*** Data Section Begins ***
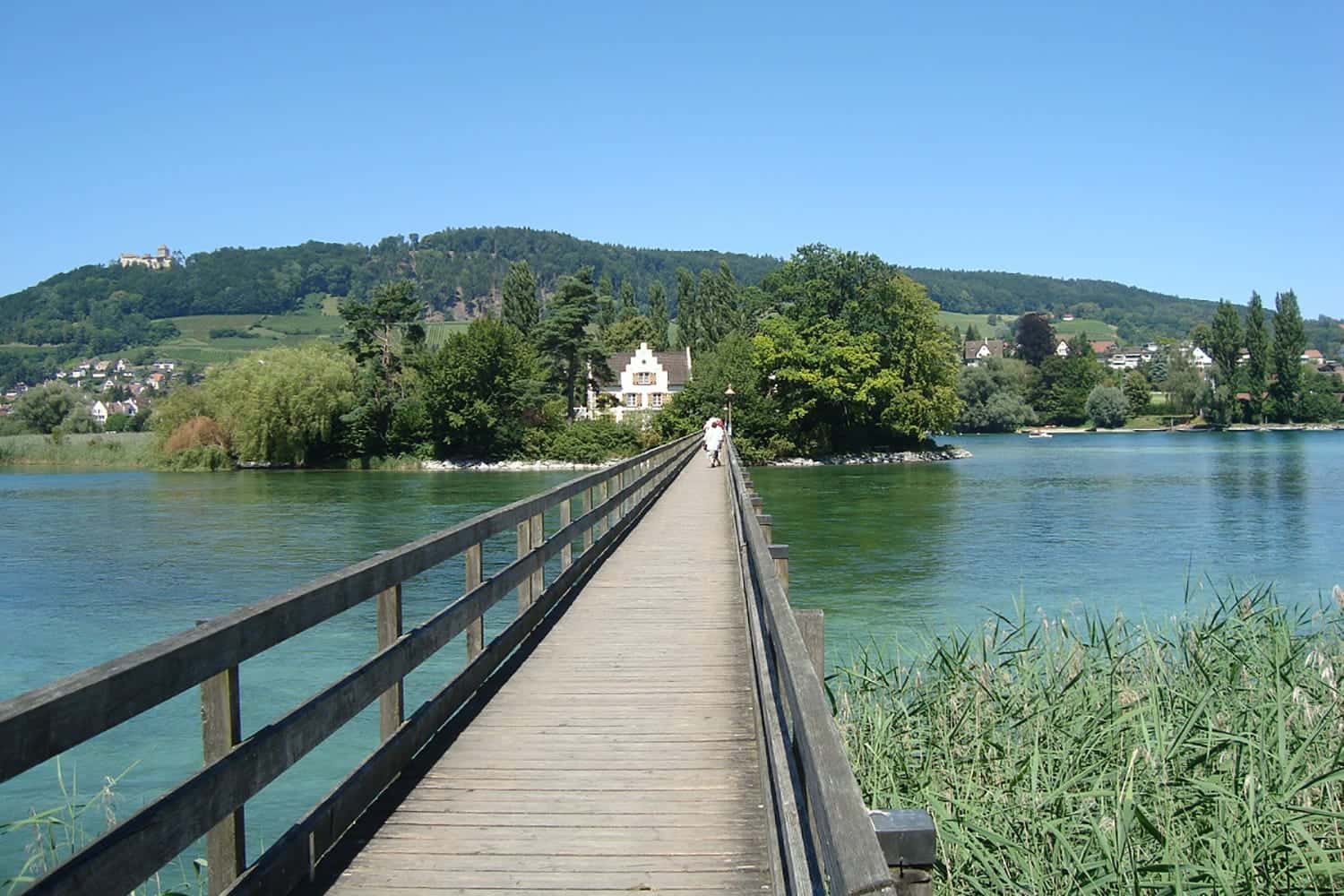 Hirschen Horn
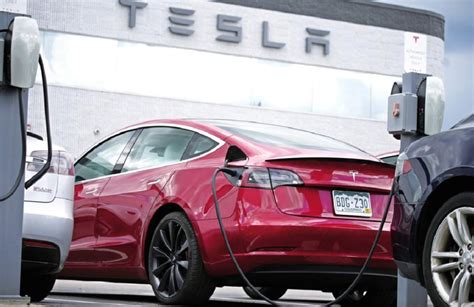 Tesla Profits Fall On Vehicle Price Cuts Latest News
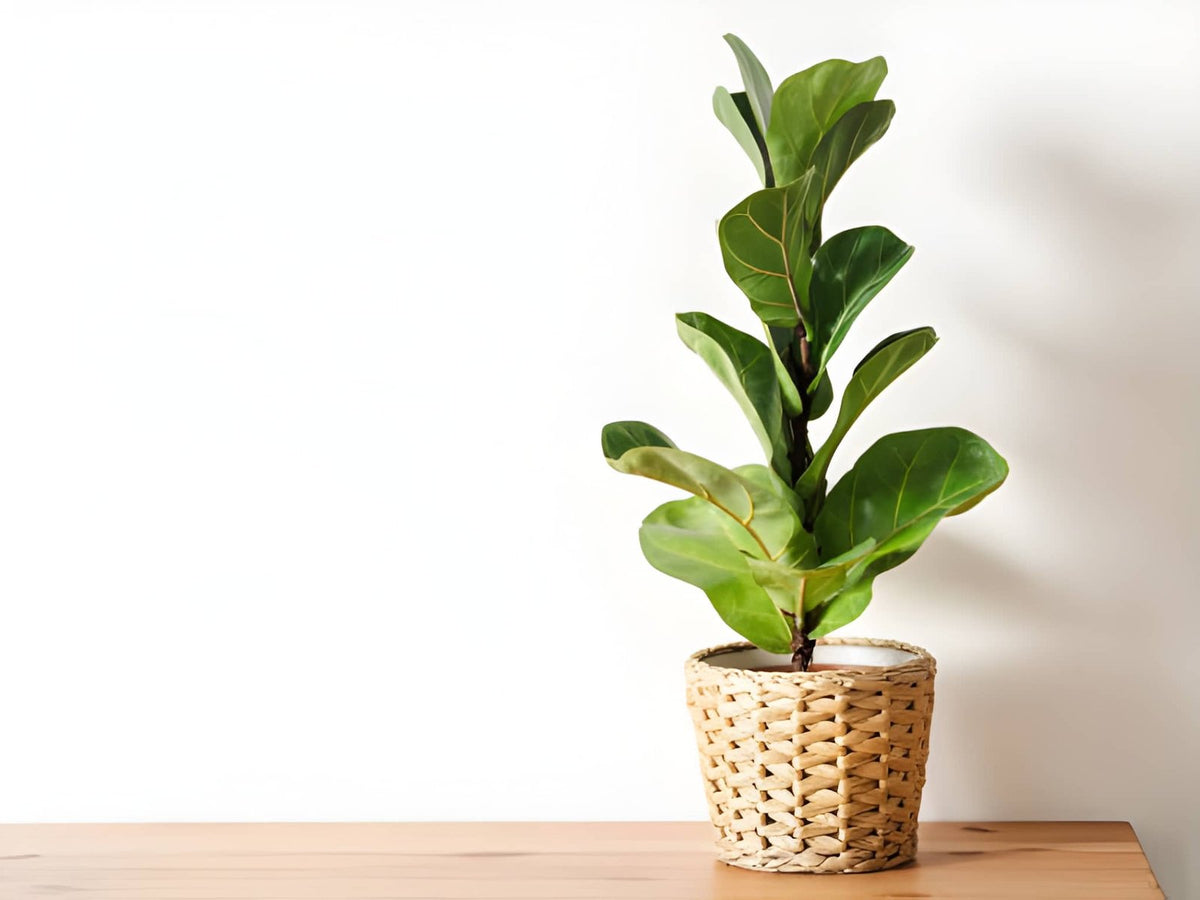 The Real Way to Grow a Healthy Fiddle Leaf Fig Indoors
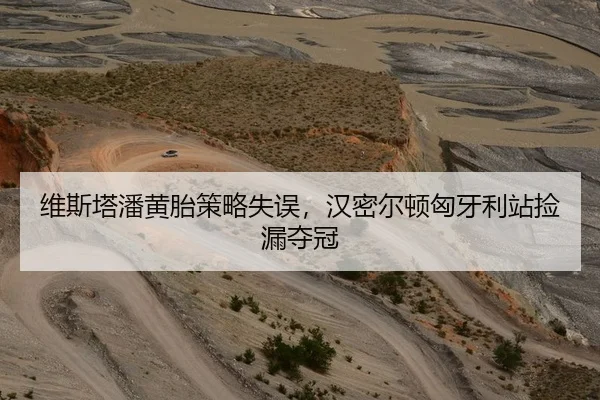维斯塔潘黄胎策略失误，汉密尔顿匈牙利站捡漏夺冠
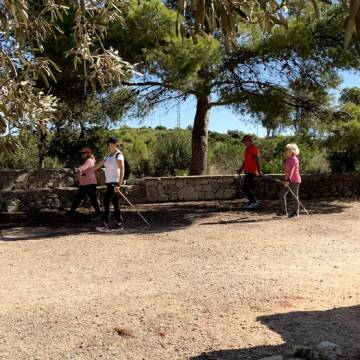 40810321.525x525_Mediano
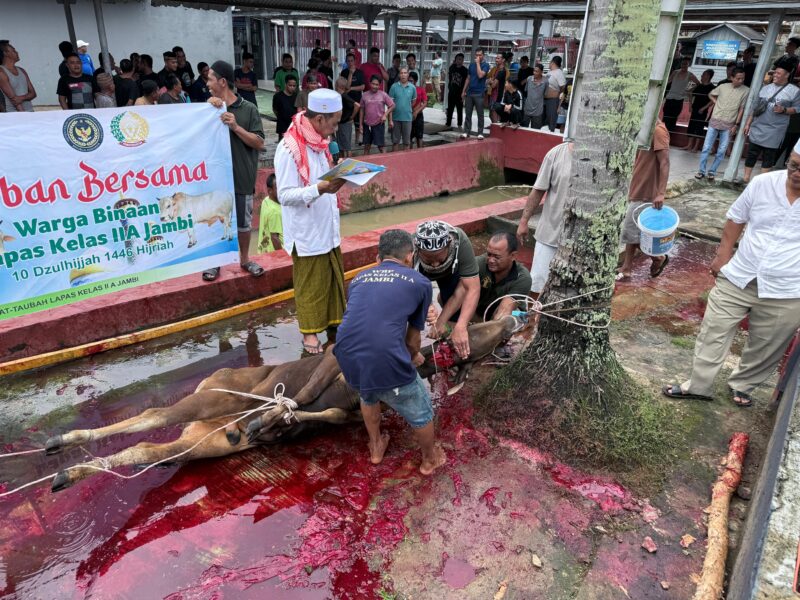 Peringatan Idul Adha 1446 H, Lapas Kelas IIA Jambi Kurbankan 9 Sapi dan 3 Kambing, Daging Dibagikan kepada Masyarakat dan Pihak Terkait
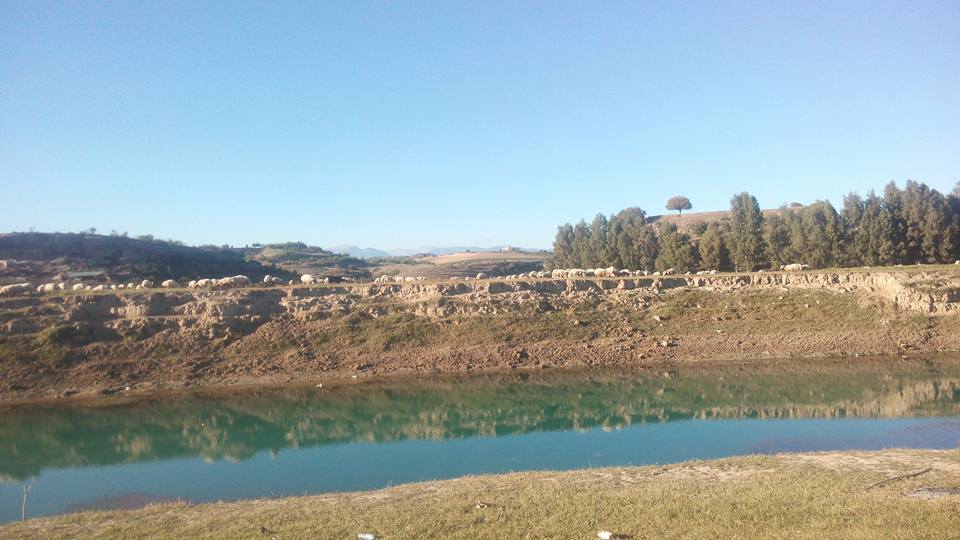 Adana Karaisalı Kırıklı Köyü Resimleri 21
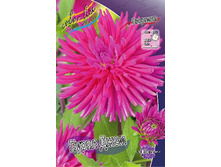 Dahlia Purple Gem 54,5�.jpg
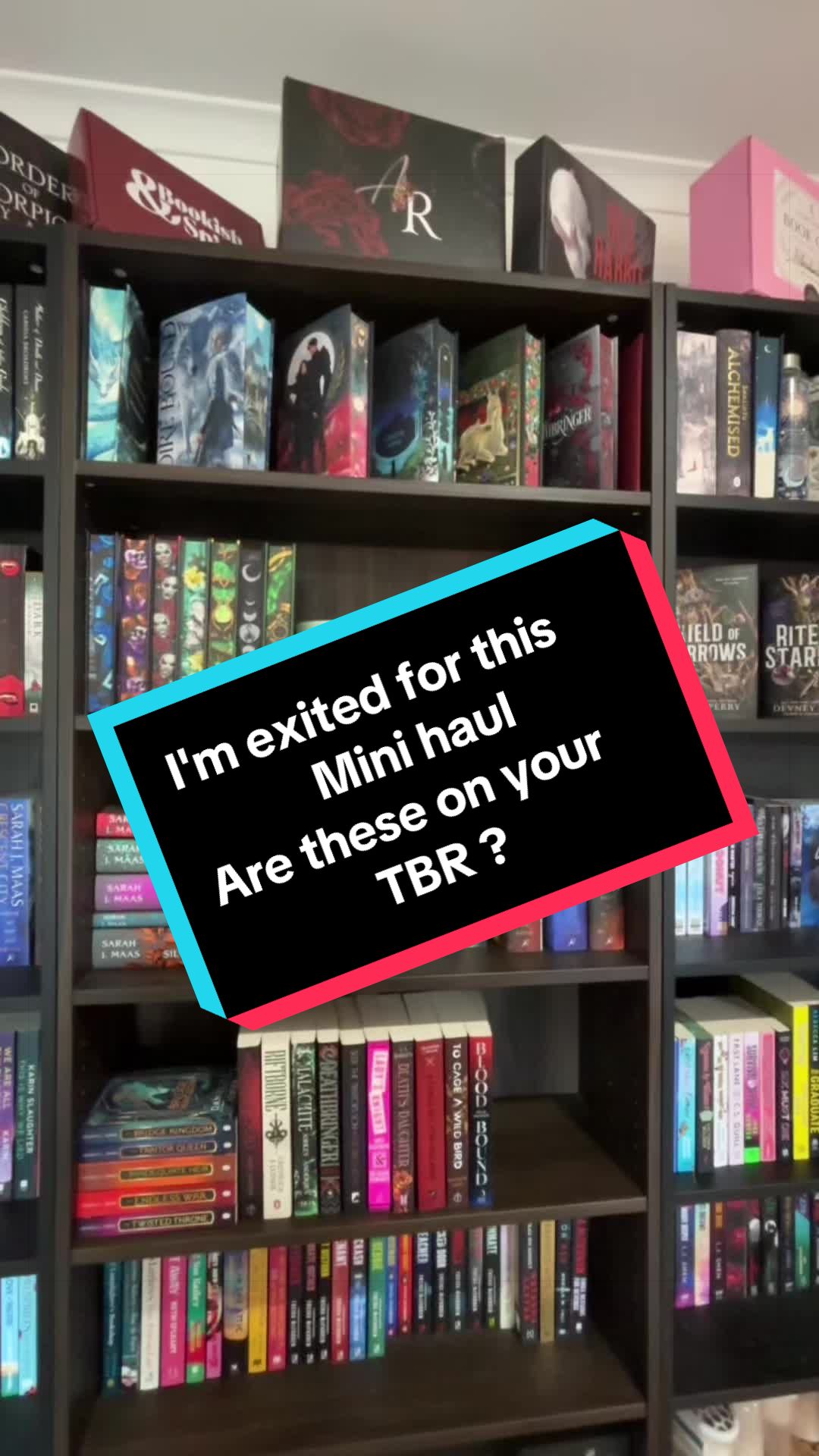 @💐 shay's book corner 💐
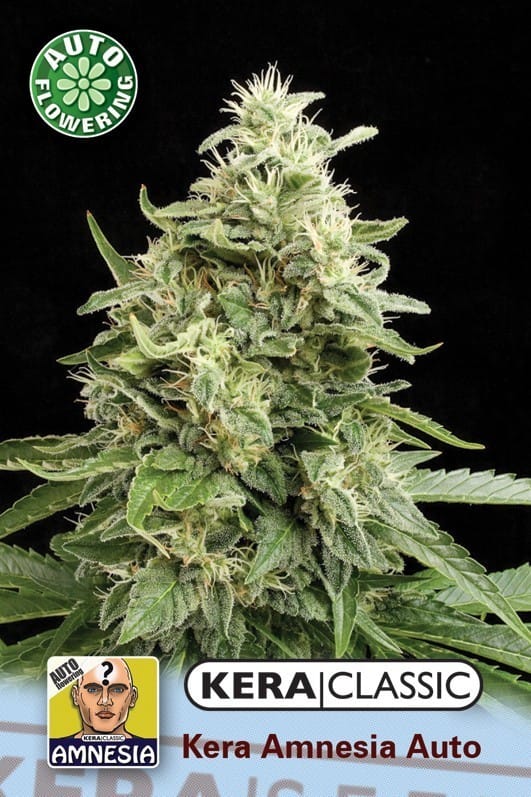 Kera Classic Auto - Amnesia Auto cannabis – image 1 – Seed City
*** Data Section Ends ***
** What the task asks **
Could you please write out the entries exactly as they are, with every picture left out?

** Task answer **
 Hirschen Horn
 Tesla Profits Fall On Vehicle Price Cuts Latest News
 The Real Way to Grow a Healthy Fiddle Leaf Fig Indoors
维斯塔潘黄胎策略失误，汉密尔顿匈牙利站捡漏夺冠
 40810321.525x525_Mediano
 Peringatan Idul Adha 1446 H, Lapas Kelas IIA Jambi Kurbankan 9 Sapi dan 3 Kambing, Daging Dibagikan kepada Masyarakat dan Pihak Terkait
 Adana Karaisalı Kırıklı Köyü Resimleri 21
 Dahlia Purple Gem 54,5�.jpg
 @💐 shay's book corner 💐
 Kera Classic Auto - Amnesia Auto cannabis – image 1 – Seed City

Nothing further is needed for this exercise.